Dr. Cook advertises that his bitless bridle pushes rather than pulls, because the direct rein runs underneath the jaw and connects to the opposite cheek. Well, the way I see it, it is still a pull, like the Bosal or a side pull. A possible advantage with the Bitless Bridle is that the pull is higher up on the cheek and may tend to turn the head as opposed to tipping the nose which positions the horse for a better turn.

At right is a picture of the Bitless Bridle. The reins are connected to the ring on straps that run underneath the jaw.  These straps run through a fixed ring on the side of the nose band. 
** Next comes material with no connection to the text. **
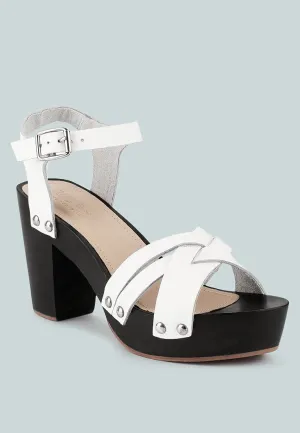 VELMA White Ankle Strap Sandal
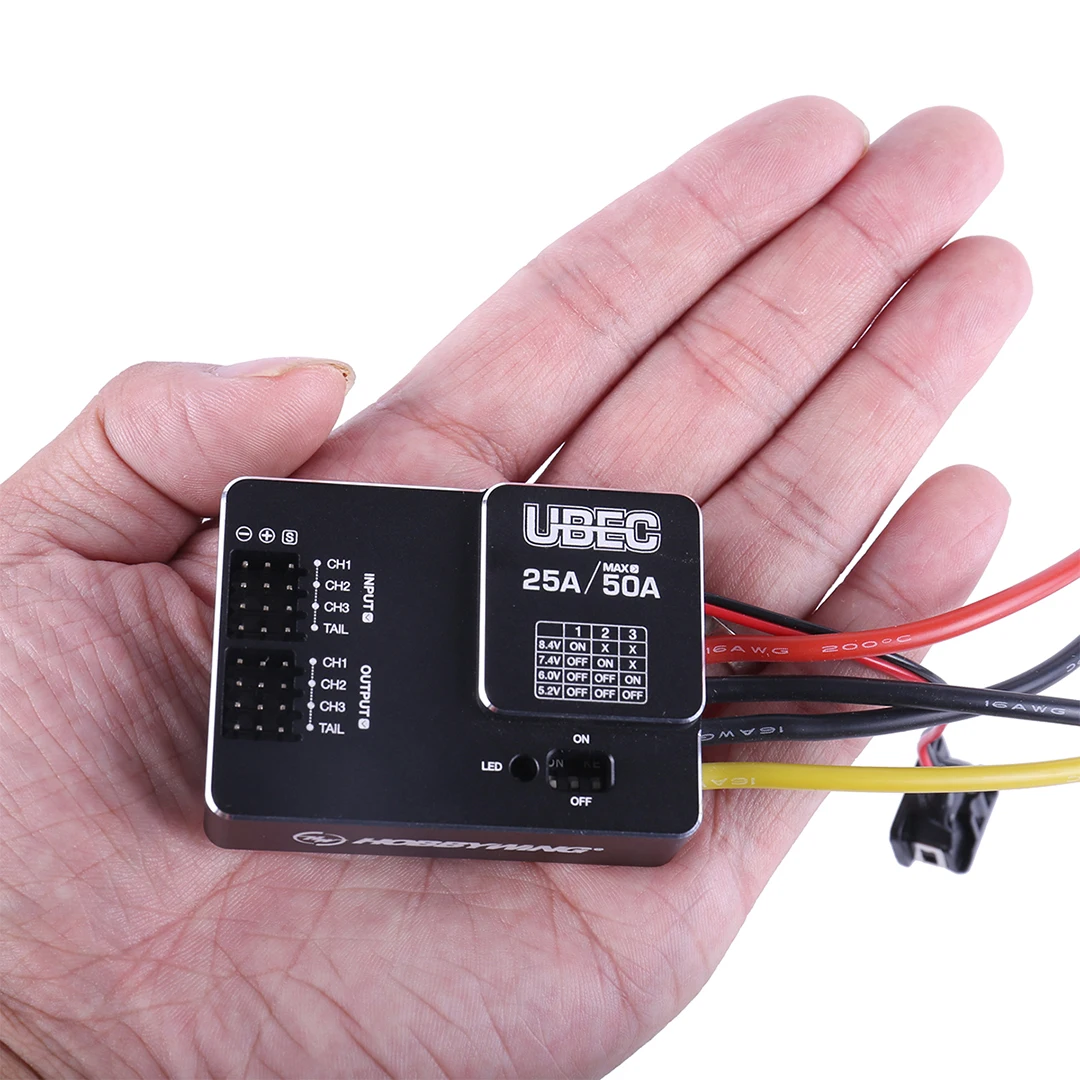 Hobbywing 25A High Voltage UBEC 3-18S with External Switch for DIY FPV Mini Racing Quadcopter Drone High Current Module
When pressure is applied to that rein, it tightens the strap running underneath the jaw, running up the opposite cheek and then over the poll.  In theory this provides a clear signal, but again I haven't ridden using this Bitless Bridle, but I don't think I would have a big problem having any of my horses' accept it as they have been ridden in bosals and understand lateral flexion when asked through a direct rein. that's  However, I'm interested in comments from those who have ridden the Bitless Bridle.   

It is interesting to go to Dr. Cook's website, again it's here, and read about the Bitless Bridle.  I don't agree which his assertion that bits and bosals operate off of pain.  They certainly can when misused.   But I think there is a difference between pain and pressure.     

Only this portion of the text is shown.